The real reason to pull down Churchill’s statue

Danny Boyle’s opening ceremony for the 2012 London Olympics briefly united the world in Anglophilia. The Britain celebrated there seemed amused, multicultural, cool — the Britain of the Beatles, the National Health Service, Shakespeare and Mr Bean. There was, however, one strong dissonant note: the moment when, as a camera follows the Queen’s supposed helicopter from Buckingham Palace to the East End, Churchill’s statue in Parliament Square smiles and waves its stick in greeting. That had no place in this warm celebration of Cool Britannia.
Those who abhor Churchill do so for good reason. Shashi Tharoor has explained that Churchill was “a war criminal and an enemy of decency and humanity, a blinkered imperialist untroubled by the oppression of non-white peoples, a man who fought not to defend but to deny our freedom.” When angry Londoners attacked this same statue last week, many cheered here in the colonies Churchill struggled all his life to keep.
Boris Johnson disagrees. The statue, says the British prime minister, “is a permanent reminder of his achievement in saving this country — and the whole of Europe — from a fascist and racist tyranny.” His achievement? I suppose America, Russia, the rest of Europe, not to mention the rest of the Empire, had nothing to do with it?
The war was won thanks to half the world’s determination and to the superior innovation of free societies — not a few speeches. I am as much of a historian as is Johnson — that is, not at all, in spite of his awful book on Winston — but unlike him, I read actual historians. And, as the historian Richard Toye has so painstakingly demonstrated, the myth of Churchill’s speeches stiffening the spine of a half-defeated world is just that — a myth. In a world where Winston Churchill never existed, the war would still have been won.
Naturally Johnson would have to defend Churchill. The entire movement that has catapulted Britain out of Europe and Johnson into No. 10 is based upon a painstaking preservation of various absurd myths about British history. The notion that Churchill saved Europe is an unsubtle claim that Europe owes Britain.
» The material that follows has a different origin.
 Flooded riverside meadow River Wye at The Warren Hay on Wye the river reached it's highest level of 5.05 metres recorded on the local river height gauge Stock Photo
The idea that Britain, with its vast overseas empire, stood alone in 1940 is an equally unsubtle reminder that it could stand alone today.
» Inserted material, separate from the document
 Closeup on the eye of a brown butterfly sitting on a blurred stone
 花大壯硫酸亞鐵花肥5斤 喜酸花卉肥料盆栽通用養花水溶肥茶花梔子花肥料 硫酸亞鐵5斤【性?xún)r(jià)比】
Beyond Brexit, the notion of Britishness that Churchill embodies is one that has no place for racial minorities and which dismisses their justified complaints. Without an honest reckoning with its past, the Britain of 2020 will continue to be adrift in a world with few allies, uncertain of what its own economic advantages are and with an increasingly unclear sense of itself as a modern nation. This is a Britain whose mind has been poisoned by such myths and, yes, held back by the weight of statues of slavers and imperialists. Johnson said that statues “teach us about our past, with all its faults.” Statues do not teach; schools do.
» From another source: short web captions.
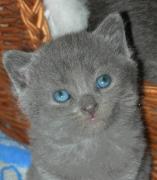 Chartreux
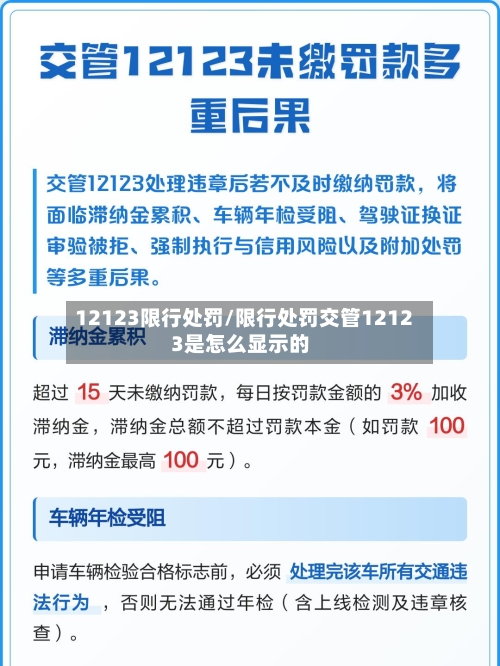 12123限行处罚/限行处罚交管12123是怎么显示的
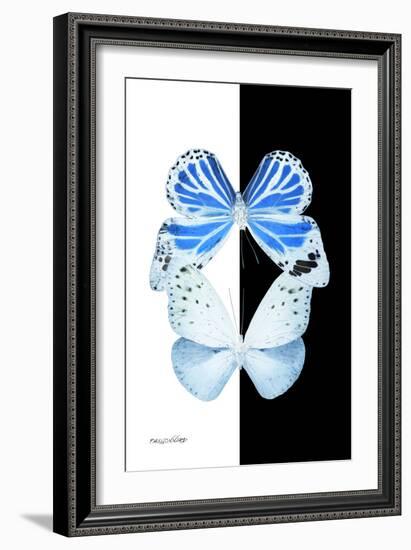 Miss Butterfly Duo Salateuploea II - X-Ray B&W Edition-Philippe Hugonnard-Framed Photographic Print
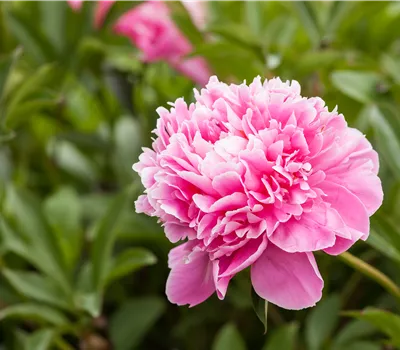  Paeonia lactiflora 'Alexander Fleming'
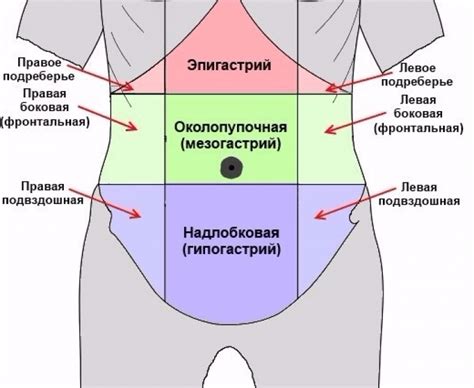 Связь между эмоциональным напряжением и скоплением жира в области брюшной полости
So, take down such statues — Churchill, of course, but also Clive “of India” on Whitehall and the generals of the British Indian Army in Trafalgar Square. But if we are to leach this poison from the British mind, then it is school curricula that will have to change. A University of Liverpool lecturer pointed out her students “know very little about Britain’s past, let alone Britain’s connections with the wider world or the history of the world outside Europe. … They therefore know practically nothing about empire and its legacies — including in Britain.”